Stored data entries
_____
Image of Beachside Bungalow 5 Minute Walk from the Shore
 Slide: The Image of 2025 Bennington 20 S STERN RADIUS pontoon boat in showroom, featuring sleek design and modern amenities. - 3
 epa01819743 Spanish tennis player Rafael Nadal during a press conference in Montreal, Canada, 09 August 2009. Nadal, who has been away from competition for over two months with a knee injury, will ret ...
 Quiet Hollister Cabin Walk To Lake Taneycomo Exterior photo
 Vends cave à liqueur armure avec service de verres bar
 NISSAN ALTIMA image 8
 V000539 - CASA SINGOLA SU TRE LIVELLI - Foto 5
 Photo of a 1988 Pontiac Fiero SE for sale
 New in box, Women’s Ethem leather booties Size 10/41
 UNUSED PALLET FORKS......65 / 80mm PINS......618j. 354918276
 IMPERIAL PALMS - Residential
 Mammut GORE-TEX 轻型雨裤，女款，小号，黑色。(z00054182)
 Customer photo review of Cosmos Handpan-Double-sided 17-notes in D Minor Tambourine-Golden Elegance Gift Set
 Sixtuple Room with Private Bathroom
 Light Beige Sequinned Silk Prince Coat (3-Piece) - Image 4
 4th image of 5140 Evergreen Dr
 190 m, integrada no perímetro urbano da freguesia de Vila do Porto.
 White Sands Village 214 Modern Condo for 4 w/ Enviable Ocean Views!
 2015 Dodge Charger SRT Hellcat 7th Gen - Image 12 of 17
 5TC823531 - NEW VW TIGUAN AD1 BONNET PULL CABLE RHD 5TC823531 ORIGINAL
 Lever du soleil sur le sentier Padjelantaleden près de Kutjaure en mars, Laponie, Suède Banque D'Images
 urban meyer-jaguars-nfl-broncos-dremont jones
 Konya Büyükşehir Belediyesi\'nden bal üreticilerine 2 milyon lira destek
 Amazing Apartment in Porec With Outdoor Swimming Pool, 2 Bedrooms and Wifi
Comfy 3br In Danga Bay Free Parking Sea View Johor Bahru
_____
TASK TO COMPLETE:
How many of the lines above include the string "from"? Reply with the number by itself.

SOLUTION TO THIS TASK:
2